As principais celebrações religiosas do calendário pernambucano movimentaram mais de R$ 1,2 bilhão em 2025, impulsionando atividades ligadas ao comércio, aos serviços e ao turismo no estado. Os dados integram uma análise realizada pela Federação do Comércio de Bens, Serviços e Turismo do Estado de Pernambuco (Fecomércio-PE), com base em indicadores da Secretaria de Turismo e Lazer de Pernambuco (SETUR-PE).

O levantamento mostra que as manifestações de fé e tradição geram impactos diretos em segmentos como hospedagem, alimentação, transporte e comércio informal. 

Durante o período analisado, as festas juninas concentram a maior parcela dessa movimentação financeira, injetando R$ 1,1 bilhão na receita estadual e mobilizando um fluxo de 1,6 milhão de pessoas. O impacto econômico impulsionou a atividade comercial e turística em polos como Caruaru, Gravatá, Surubim, Bezerros e Petrolina.

“A concentração de público gera aumento da demanda e estimula a oferta de bens de consumo não duráveis e de serviços de apoio, como alimentação, transporte e hospedagem. Do ponto de vista financeiro, esse movimento acelera a circulação de capital e fortalece os pequenos negócios. Trata-se de um período que contribui para a recomposição de caixa de empreendedores e para a geração de renda de trabalhadores autônomos”, explica o economista da Fecomércio Pernambuco, Rafael Lima.

No Recife, a tradicional Festa do Morro da Conceição reuniu cerca de 2,5 milhões de fiéis, enquanto a celebração de Nossa Senhora do Carmo, padroeira do Recife, atraiu 300 mil devotos. No Agreste Central, a Romaria do Venerável Frei Damião, realizada em São Joaquim do Monte, chegou à sua 32ª edição em agosto e reuniu mais de 300 mil participantes, superando a média histórica de 200 mil pessoas registrada em anos anteriores.

Renda para os pequenos
Ambulantes e barraqueiros, cadastrados e organizados pelas prefeituras para garantir a segurança alimentar e a ordem urbana, encontram nos eventos religiosos uma importante oportunidade de geração de renda por meio da comercialização de produtos típicos, artesanato e artigos de devoção.

O Ministério do Turismo estima uma movimentação anual de R$ 15 bilhões para o segmento religioso no Brasil. Para o presidente da Fecomércio Pernambuco, Bernardo Peixoto, as celebrações religiosas exercem um papel que vai além da movimentação econômica.

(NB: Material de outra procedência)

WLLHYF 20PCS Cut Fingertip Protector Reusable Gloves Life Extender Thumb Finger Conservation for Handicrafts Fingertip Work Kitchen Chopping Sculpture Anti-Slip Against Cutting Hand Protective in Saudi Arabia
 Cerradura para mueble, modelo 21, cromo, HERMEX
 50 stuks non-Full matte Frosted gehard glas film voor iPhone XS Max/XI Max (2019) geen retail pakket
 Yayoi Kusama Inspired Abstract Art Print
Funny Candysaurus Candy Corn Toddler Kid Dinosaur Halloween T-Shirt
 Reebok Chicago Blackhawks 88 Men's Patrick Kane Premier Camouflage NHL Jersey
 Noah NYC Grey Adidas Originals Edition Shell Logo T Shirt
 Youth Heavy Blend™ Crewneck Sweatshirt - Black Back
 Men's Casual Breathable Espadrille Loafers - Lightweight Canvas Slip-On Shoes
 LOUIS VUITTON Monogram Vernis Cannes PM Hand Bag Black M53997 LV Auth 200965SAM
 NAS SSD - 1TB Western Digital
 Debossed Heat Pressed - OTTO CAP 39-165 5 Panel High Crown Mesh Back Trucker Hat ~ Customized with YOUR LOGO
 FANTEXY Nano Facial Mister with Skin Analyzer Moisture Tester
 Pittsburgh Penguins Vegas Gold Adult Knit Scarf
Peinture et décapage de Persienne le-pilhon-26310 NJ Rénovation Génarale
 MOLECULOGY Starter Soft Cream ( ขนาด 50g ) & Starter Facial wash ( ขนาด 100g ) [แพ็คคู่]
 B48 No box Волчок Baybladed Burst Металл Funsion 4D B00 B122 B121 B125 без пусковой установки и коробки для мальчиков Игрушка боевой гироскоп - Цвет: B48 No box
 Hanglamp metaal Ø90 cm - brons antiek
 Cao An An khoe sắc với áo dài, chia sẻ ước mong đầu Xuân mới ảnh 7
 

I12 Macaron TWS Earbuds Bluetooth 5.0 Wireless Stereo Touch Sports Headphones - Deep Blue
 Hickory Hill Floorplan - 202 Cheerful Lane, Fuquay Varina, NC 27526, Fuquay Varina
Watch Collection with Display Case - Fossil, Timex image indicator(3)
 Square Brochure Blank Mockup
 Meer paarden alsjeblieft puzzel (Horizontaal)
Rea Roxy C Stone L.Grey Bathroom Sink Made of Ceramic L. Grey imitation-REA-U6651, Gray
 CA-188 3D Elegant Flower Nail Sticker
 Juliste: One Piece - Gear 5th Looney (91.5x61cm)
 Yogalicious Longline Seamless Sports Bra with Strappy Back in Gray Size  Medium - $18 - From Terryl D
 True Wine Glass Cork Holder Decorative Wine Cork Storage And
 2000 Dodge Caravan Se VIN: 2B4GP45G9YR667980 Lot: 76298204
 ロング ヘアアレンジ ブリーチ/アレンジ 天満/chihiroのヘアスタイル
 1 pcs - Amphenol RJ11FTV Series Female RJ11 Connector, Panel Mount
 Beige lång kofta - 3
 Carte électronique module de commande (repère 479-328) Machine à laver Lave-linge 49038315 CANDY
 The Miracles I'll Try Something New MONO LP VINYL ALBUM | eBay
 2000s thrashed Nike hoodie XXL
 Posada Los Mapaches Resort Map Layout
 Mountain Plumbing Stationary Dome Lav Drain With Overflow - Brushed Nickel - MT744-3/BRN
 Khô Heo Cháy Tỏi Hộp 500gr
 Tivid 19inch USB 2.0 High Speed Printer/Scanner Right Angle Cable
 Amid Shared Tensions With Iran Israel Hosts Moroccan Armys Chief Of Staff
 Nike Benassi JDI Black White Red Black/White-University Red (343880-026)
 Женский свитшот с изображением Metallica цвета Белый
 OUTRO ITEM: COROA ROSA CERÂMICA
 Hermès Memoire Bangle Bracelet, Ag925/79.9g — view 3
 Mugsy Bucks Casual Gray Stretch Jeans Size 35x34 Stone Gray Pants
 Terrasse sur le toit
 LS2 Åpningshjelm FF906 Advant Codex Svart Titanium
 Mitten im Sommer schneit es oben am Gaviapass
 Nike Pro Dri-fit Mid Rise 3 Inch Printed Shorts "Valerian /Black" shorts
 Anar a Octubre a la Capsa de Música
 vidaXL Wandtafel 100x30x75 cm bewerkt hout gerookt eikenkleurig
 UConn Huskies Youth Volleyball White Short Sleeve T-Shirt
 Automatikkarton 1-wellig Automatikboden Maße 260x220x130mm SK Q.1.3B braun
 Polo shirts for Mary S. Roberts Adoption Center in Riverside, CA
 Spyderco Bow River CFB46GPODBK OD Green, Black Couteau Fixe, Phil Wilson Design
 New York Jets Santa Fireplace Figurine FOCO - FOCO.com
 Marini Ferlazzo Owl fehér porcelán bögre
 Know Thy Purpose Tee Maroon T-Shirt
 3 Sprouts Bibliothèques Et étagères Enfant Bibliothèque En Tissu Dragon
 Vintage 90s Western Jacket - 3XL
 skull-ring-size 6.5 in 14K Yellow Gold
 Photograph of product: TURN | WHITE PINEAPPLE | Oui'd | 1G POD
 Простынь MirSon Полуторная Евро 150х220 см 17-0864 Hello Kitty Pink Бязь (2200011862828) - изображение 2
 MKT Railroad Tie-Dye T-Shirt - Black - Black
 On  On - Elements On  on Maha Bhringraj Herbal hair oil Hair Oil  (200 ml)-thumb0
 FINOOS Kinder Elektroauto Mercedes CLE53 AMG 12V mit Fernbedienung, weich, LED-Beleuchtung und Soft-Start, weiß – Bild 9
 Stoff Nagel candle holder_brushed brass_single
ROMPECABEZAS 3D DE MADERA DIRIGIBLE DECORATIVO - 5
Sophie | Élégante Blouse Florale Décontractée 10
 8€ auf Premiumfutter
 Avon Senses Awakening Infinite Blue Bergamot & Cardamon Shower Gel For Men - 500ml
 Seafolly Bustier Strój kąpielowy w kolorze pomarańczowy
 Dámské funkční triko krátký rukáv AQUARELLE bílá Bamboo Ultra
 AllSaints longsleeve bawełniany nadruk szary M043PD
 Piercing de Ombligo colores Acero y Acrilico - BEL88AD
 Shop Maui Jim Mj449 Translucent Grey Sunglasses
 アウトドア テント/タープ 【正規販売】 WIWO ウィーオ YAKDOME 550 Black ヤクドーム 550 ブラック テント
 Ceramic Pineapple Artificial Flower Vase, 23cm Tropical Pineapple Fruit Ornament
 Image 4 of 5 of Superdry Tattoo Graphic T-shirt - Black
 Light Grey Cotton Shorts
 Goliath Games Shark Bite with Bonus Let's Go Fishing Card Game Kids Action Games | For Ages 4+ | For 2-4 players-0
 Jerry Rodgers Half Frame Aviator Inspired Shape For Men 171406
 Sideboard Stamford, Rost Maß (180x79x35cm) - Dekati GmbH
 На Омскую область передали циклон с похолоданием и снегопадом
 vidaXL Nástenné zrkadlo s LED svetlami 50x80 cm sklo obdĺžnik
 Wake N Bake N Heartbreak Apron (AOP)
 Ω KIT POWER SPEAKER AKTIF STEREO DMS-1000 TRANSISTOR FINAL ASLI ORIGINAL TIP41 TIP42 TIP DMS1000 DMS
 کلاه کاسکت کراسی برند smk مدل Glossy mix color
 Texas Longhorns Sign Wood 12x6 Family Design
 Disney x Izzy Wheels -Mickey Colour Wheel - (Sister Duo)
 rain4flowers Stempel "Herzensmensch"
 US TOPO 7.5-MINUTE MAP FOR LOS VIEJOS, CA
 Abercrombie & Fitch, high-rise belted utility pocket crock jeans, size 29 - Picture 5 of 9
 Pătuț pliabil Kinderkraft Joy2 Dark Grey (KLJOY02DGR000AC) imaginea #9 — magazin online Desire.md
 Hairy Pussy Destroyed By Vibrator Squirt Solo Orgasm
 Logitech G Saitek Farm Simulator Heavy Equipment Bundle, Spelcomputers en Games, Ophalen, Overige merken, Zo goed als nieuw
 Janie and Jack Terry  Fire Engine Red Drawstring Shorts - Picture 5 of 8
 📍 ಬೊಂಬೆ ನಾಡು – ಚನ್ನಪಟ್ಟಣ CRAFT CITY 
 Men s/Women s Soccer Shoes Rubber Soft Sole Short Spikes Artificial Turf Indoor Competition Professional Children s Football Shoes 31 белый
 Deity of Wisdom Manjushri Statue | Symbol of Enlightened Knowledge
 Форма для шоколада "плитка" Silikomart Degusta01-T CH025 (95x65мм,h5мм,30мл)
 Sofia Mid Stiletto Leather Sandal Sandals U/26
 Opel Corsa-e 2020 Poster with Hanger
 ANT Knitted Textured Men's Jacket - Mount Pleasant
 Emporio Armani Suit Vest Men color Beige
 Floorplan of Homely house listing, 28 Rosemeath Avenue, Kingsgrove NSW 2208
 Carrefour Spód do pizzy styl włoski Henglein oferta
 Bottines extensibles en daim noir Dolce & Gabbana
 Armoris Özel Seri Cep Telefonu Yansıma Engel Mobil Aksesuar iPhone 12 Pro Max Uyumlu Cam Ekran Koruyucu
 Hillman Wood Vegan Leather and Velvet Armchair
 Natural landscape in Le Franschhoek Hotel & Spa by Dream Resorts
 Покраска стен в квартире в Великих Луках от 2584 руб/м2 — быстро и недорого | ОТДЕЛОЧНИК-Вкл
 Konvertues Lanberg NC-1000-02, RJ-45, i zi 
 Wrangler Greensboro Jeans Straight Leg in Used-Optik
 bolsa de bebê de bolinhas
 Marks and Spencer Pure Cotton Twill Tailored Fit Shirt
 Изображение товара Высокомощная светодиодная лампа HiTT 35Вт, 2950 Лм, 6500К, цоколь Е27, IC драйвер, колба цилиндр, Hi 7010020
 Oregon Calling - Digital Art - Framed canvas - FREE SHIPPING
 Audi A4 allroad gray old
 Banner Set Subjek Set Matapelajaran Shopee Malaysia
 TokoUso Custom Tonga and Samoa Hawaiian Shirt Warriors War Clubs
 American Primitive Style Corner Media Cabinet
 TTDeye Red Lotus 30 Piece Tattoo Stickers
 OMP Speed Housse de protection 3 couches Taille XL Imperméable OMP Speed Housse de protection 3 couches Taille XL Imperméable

"Celebrações como a Festa do Morro da Conceição e a Missa do Vaqueiro reúnem milhares de pessoas em momentos de devoção e aproximação espiritual. Ao mesmo tempo, impulsionam a atividade econômica, beneficiando famílias que encontram oportunidades na comercialização de alimentos, artigos religiosos e na prestação de serviços durante os eventos", afirma.

Peixoto defende, ainda, que investir na preservação dos espaços e bens culturais ligados à religiosidade é uma forma de fortalecer o turismo de fé e ampliar seus impactos positivos para as comunidades.